Compliance Management, Privacy

ACLU asks appeals court to bar NSA bulk collection of data

The American Civil Liberties Union (ACLU) has asked a federal appeals court in a brief filed Tuesday to bar the National Security Agency (NSA) from bulk collection of phone records.

“This dragnet surveillance program should never have been launched, and it should certainly be terminated now,” Jameel Jaffer, deputy legal director of the ACLU, said in a Tuesday release. “Not even the government contends anymore that the program has been effective, and the 2nd Circuit has already concluded that the program is illegal. It's a needless and unlawful intrusion into the privacy rights of millions of innocent Americans.”

In May a three-judge panel on the Second Circuit Court of Appeals ruled the program to be illegal but refrained from issuing an injunction because Section 215 of the USA PATRIOT Act, which ostensibly authorized the NSA program, were set to expire June 1 if Congress did not act.

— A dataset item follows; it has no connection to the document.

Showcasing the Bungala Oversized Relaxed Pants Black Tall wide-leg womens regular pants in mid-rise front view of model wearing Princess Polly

But government had contended to a Foreign Intelligence Surveillance Court (FISC) that the recently passed USA Freedom Act allows the bulk collection - which was suspended briefly when Section 215 expired - during a 180-day transition period to the new law, and noted “that Second Circuit rulings do not constitute controlling precedent” for the FISC.

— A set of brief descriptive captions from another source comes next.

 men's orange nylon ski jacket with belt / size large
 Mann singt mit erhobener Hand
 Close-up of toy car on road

In asking for a preliminary injunction in the Tuesday brief, in the ACLU v. Clapper, a case brought by the civil rights organization in 2013, the ACLU essentially said the government was misinterpreting the law.

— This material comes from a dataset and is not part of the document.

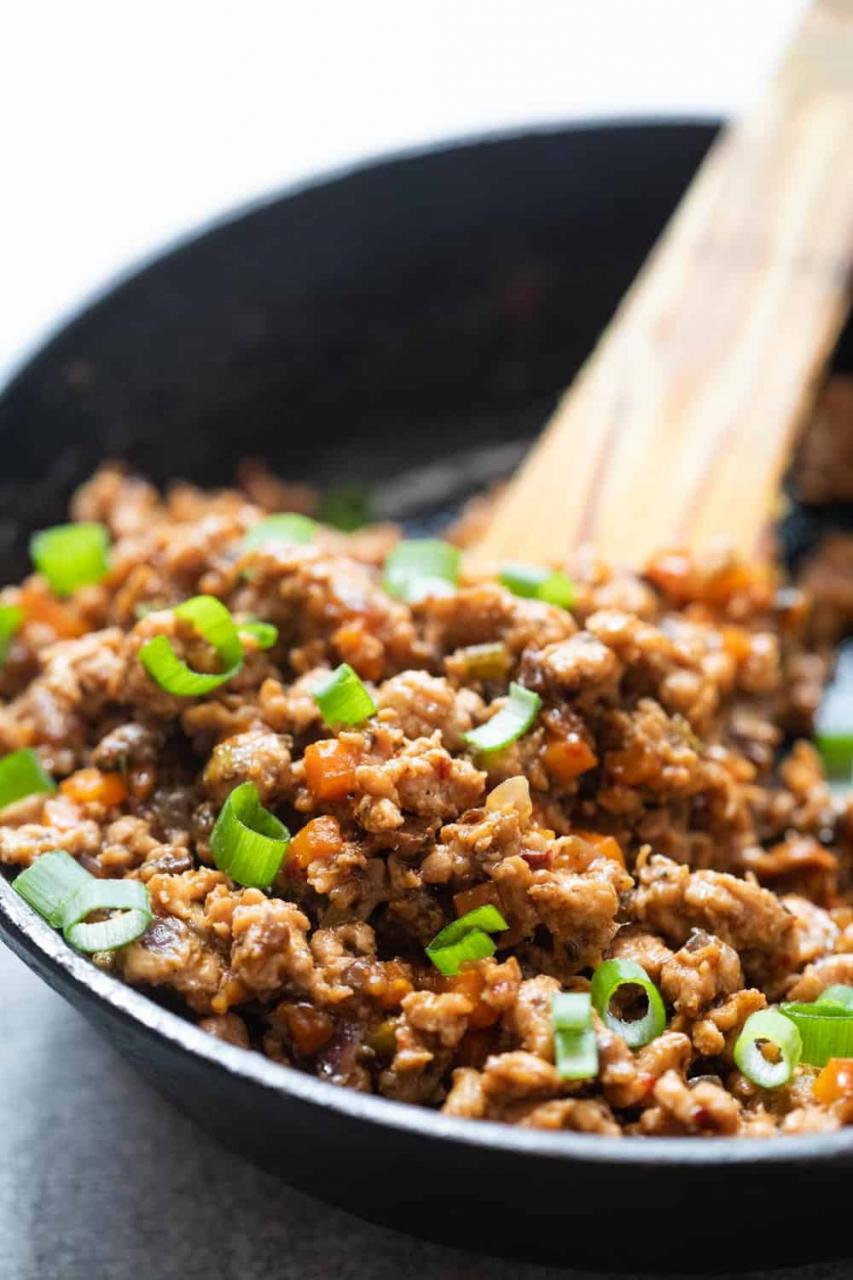 Filling for chicken lettuce wraps in a cast iron pan with a spatula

“The government is collecting call records in bulk under the same statutory authority this Court previously held did not permit it; the government intends to continue this surveillance for at least 180 days; and the government apparently intends to retain and use the fruits of its unlawful surveillance indefinitely,” the brief said, contending that government also “apparently intends to retain and use the fruits of its unlawful surveillance indefinitely.”

ACLU Staff Attorney Alex Abdo, who argued the Clapper case before the second circuit, noted in a statement that “government says it will wind down this unconstitutional program eventually, but the Constitution doesn't have a grace period.”

He added, “Bulk collection is unconstitutional and must end.”